> **WHAT TO PRODUCE**
In the material below, count the lines where the word "Poster" appears. Nothing but the number, please.

# # #

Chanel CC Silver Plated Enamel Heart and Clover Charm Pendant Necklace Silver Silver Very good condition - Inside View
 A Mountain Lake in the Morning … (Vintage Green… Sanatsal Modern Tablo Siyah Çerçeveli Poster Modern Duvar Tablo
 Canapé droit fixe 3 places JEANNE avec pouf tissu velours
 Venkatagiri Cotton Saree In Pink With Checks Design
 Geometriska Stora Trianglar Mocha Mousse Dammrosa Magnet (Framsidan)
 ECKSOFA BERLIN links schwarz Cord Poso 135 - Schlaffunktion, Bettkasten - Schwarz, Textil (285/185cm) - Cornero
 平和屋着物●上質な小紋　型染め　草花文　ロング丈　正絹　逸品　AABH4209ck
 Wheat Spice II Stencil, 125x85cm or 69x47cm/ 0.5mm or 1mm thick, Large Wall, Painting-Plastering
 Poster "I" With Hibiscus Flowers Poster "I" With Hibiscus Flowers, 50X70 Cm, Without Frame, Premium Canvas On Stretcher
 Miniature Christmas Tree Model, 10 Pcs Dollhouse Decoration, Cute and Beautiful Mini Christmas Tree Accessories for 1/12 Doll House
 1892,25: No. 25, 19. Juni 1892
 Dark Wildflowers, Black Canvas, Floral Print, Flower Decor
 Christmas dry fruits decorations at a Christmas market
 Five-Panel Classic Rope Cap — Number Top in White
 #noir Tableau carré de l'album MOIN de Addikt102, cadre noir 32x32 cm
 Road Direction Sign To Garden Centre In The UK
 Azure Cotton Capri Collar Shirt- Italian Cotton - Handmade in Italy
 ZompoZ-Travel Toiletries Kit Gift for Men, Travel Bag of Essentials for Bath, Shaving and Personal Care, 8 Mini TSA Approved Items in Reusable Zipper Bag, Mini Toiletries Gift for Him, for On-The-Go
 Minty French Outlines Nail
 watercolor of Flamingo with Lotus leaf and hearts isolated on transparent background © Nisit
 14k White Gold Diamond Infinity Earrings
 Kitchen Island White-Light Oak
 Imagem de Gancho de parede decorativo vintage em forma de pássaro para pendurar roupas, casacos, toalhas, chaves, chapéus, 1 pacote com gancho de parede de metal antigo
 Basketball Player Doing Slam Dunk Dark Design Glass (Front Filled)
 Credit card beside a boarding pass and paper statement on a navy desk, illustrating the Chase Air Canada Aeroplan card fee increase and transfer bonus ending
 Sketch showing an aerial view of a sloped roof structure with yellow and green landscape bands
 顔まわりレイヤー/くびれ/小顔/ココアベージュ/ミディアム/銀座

# # #

> **EXERCISE ANSWER**
2